Ketika amanat sirna dari nurani pemimpin, maka dia akan membiarkan penyelewengan menjalar ke segenap relung pemerintahan dan ruang publik, bahkan besar kemungkinan dirinya pun terlibat dalam penyelewengan itu.
Korupsi, kolusi, nepotisme, jual beli hukum, pengurasan harta negara, penjualan aset-aset negeri, eksploitasi sumberdaya alam, menelantarkan nasib rakyat, kemewahan, dan seribu satu perusakan dan penyimpangan akan dibiarkan mekar bahkan semakin dimekarkan.
Bahkan kursi kekuasaan pun akan terus dipertahankan dengan sejuta cara yang haram dan subhat sekalipun. Sudah merasa tak amanat, masih juga ingin berkuasa dan meraih kuasa baru.
Ketika kerakusan kuasa dan materi begitu dominan, maka soal amanat dan kemampuan menjadi hal kecil dalam ruang kepala dan batin para elite di negeri ini. Apalah amanat dan kemampuan, yang penting dapat meraih kuasa, yang penting dapat meraup materi.
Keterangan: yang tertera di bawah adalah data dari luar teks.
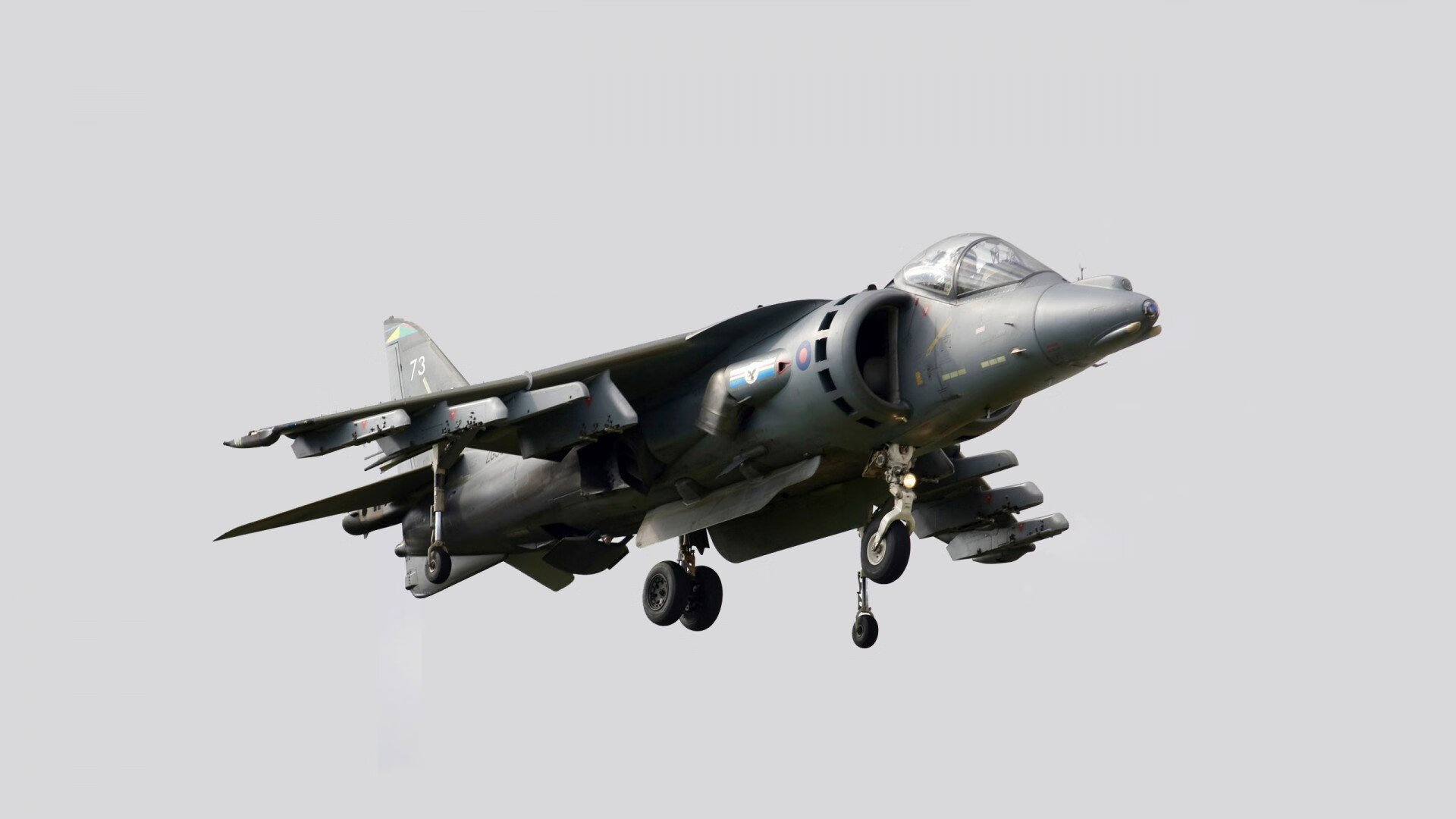 破浪与细流，奥亚尔萨瓦尔关键制胜与克罗地亚横扫挪威的双重奏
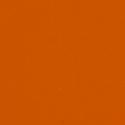 0703 Arancio Marte - Plain Colour Range 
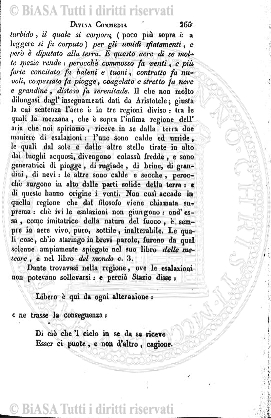 v. 51, n. 1-4 (1928) - Stemma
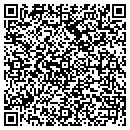 QR code with Clipperation's contacts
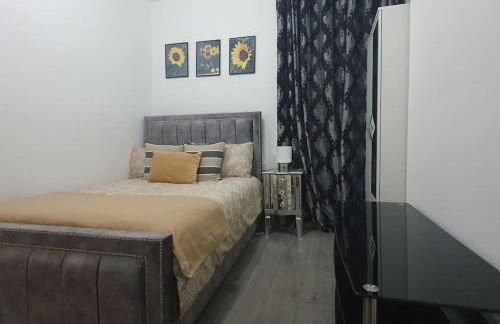 New Bubble Apartments - Foto 13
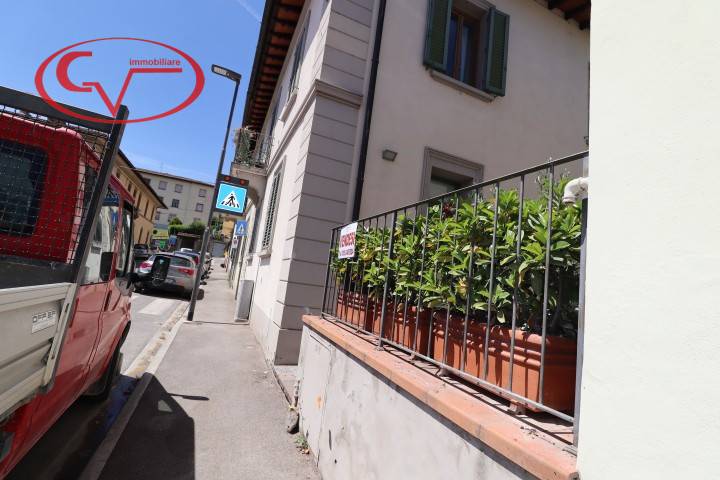  - foto 6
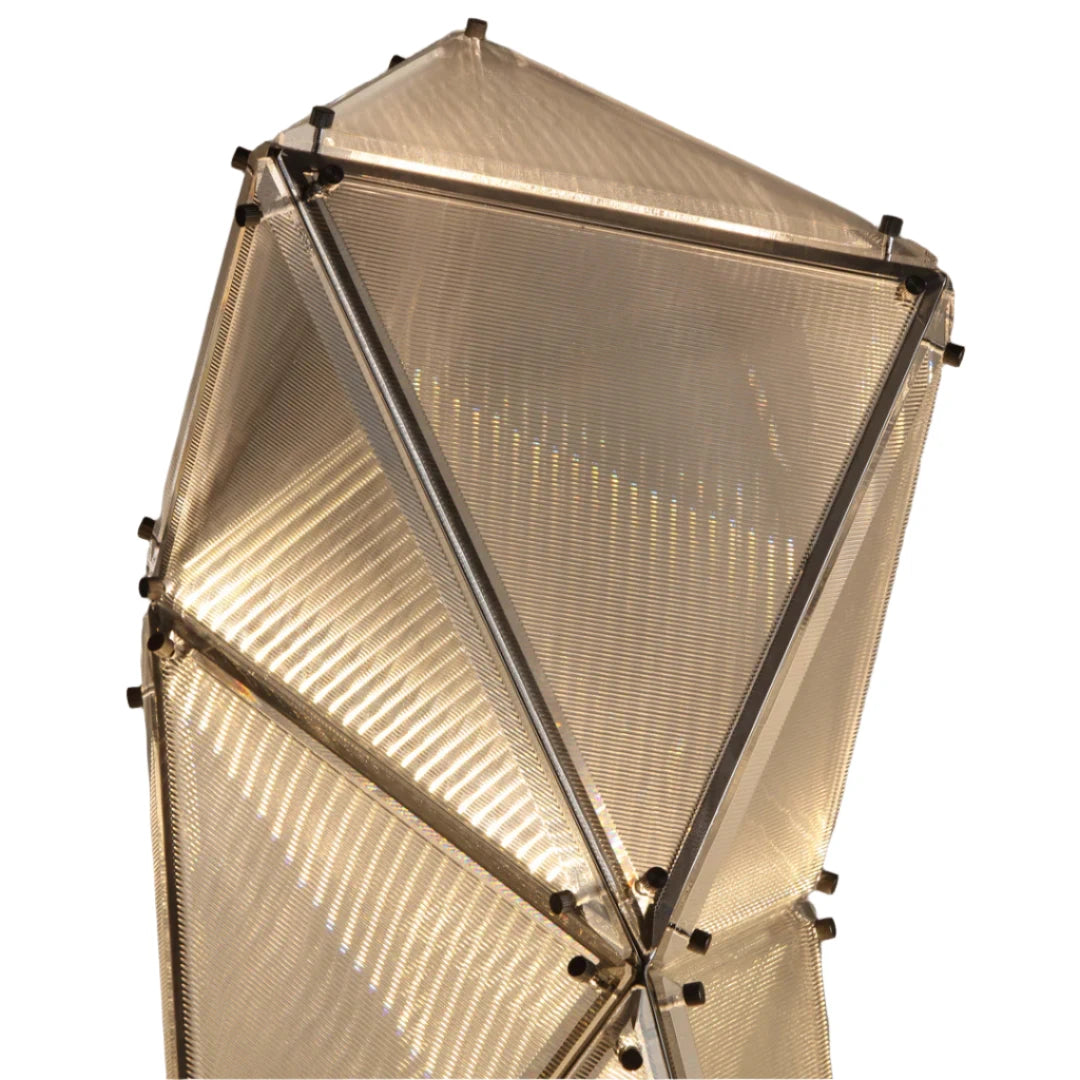 Torre Floor lamp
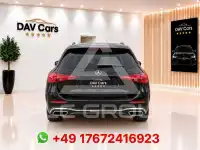 2025 Mercedes Benz C 220
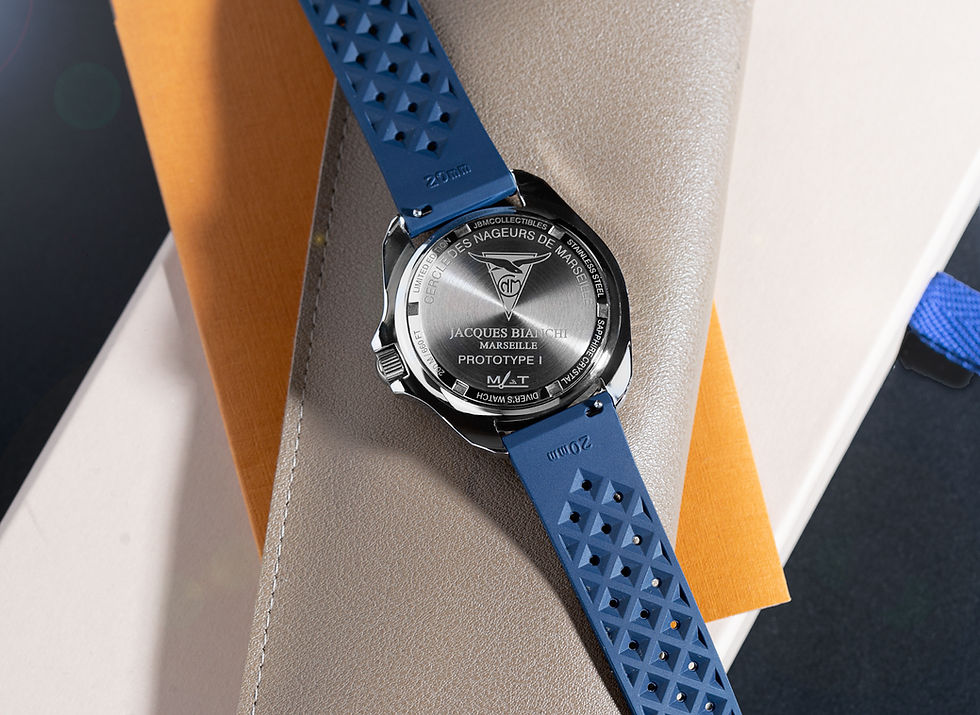 Thumbnail: JB200 CERCLE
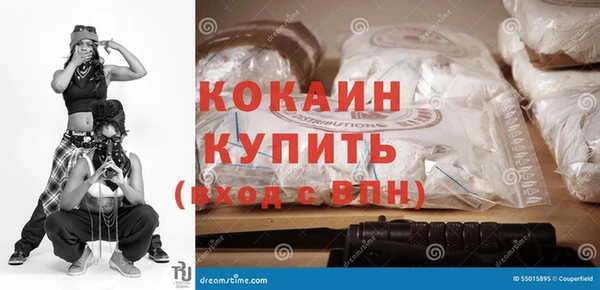 ALPHA-PVP Богородицк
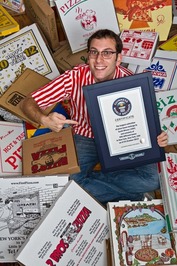 Scott Wiener profile picture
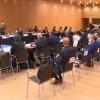 Extremadura y otras ocho CCAA piden a Planas la convocatoria de la sectorial de Agricultura tras propuesta de PAC de Bruselas
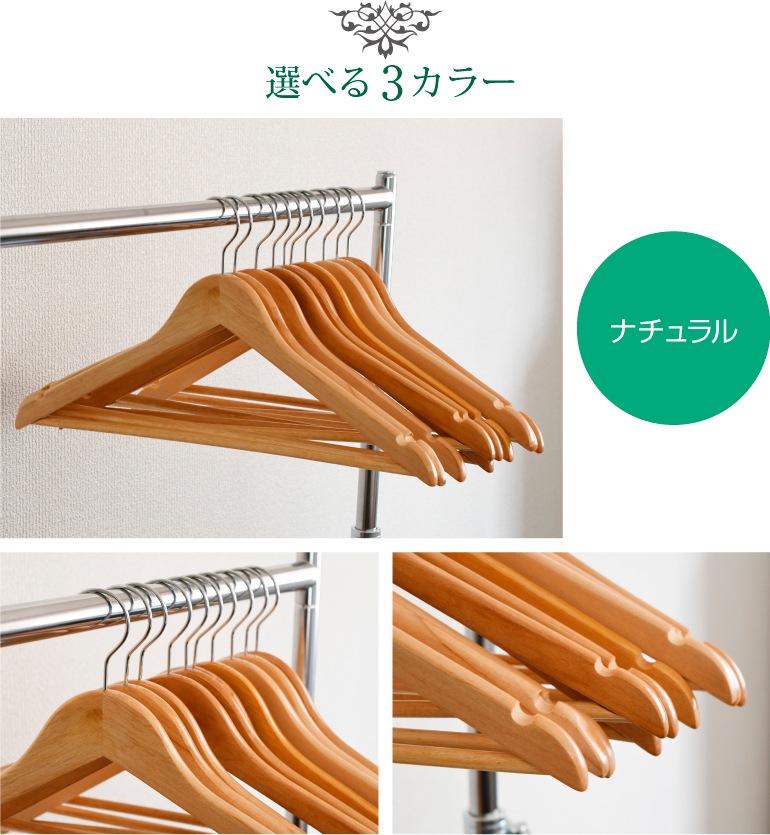 ���åǥ��ϥ󥬡���40�ܥ��åȡ��ʥ����롦����ƥ��������֥�å������٤�3��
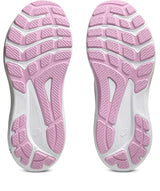 GT 1000 14 - Gs Std (Standard width) | Kids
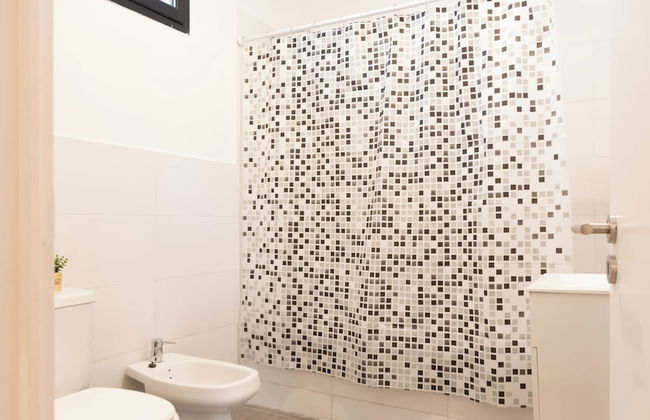 FLIPHAUS Mansion Paz - Foto 33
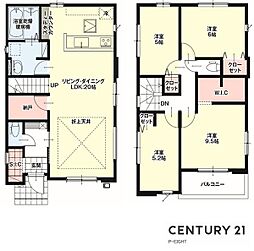 名古屋市南区赤坪町の一戸建て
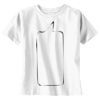 t-shirt   kids Basic Thumbnail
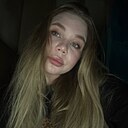 Виктория, 27 лет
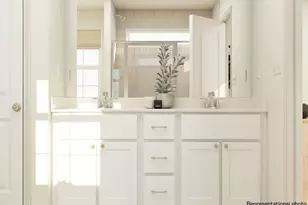 129 Farmwell Dr, Woodruff, SC 29388 - Photo 17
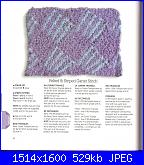 ENTRELAC - Step by step-img056-jpg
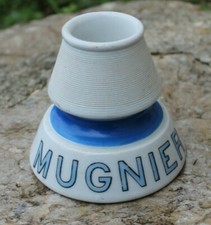 joli pyrogène publicitaire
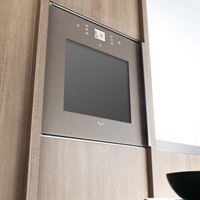 Bild_1
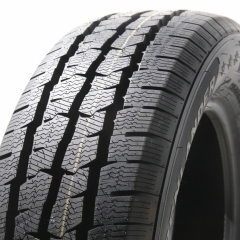 Fronway Icepower 989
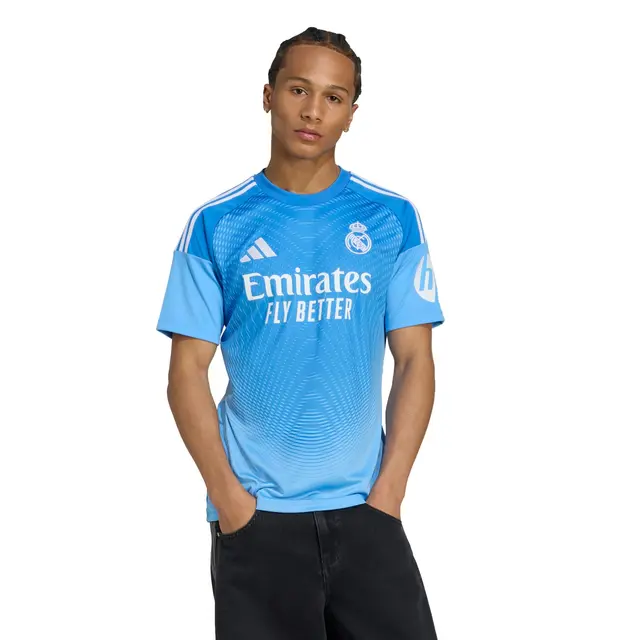 Imagem do produto 3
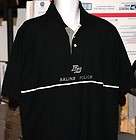 NASCAR NEXTEL CUP SERIES POLO SHIRT LARGE items in stingraytom store 
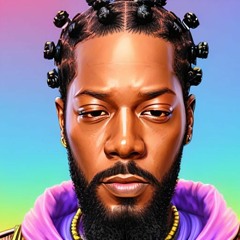 Beniton presents - Watch how we flip it - Mixtape Hosted by Ebro from Hot 97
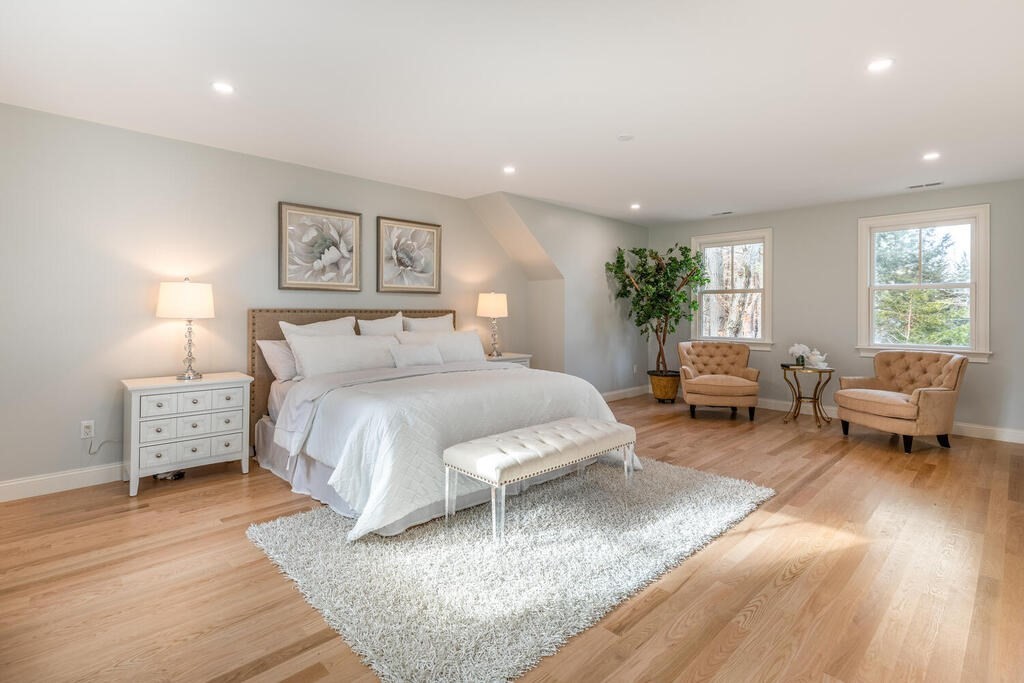 14 Colony Road Lexington, MA 02420 - Photo 14 of 31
Itulah watak kerakusan, yang tak membiarkan suara nurani mekar, karena dikalahkan oleh luapan nafsu duniawi. Nafsu kuasa dan harta. Kedudukan sekadar jadi batu loncatan dari ambisi-ambisi bawah sadar dirinya yang tumpah ruah ke segala arah. Sehingga jadilah para elite berebut harta dan kuasa, harta untuk meraih kuasa dan kuasa untuk menambah harta dan akumulasi kuasa berikutnya.
Jika kaum elite di negeri ini mengerti derita anak-anak bangsa di Aceh, Ambon, Poso, Papua, dan di seluruh wilayah Nusantara yang didera krisis berkepanjangan, boleh jadi semakin sedikit yang bersiap diri menjadi presiden dan jabatan-jabatan publik di pemerintahan.
Mereka tentu miris, cemas, dan hilang nyali untuk menjadi pemimpin negeri. Betapa berat amanat dan kemampuan yang harus dikerahkan. Betapa banyak hal yang harus dipertaruhkan, sampai nyawa pun dapat menjadi barang tebusan. Bukan malah bernafsu dan berpesta pora untuk dapat meraih kedudukan yang penuh pertaruhan itu.
Kita berharap, semoga kearifan masih tersisa dalam relung hati dan pikiran para elite bangsa di negeri ini, agar nafsu kerakusan tak merajalela. Jika masih pada berkeinginan untuk menjadi presiden dan meraih jabatan-jabatan publik, bertanyalah pada nurani sendiri dan nurani rakyat.
Untuk dan atas nama apa kekuasaan itu ingin diraih? Bagaimana dan kenapa harus diraih? Mau berbuat apa setelah meraihnya? Bagaimana kalau tak mampu memikulnya setelah kuasa itu diraih? Mengapa begitu menyala-nyala semangat untuk meraih kuasa? Akankah membawa maslahat atau sebaliknya mafsadat untuk bangsa?
Dan berbagai pertanyaan yang memerlukan kejernihan hati dan pikiran untuk mencandranya. Itulah pertanyaan-pertanyaan yang bernuansa kearifan, yang perlu dicandra oleh siapapun yang menjadi dan ingin menjadi pemimpin bangsa.
Semoga para elite di negeri ini mau berlomba-lomba meraih kearifan, lebih dari sekadar nafsu meraih kuasa. Sumber kearifan itu bertebaran di mana-mana. Raihlah ilmu dan hikmah, demikian titah Allah dalam banyak ayat Alquran, agar manusia meraih kearifan hidup. Sayangnya, kearifan sering menjadi barang yang mudah hilang, ketika kerakusan merajalela dan serba dipuja!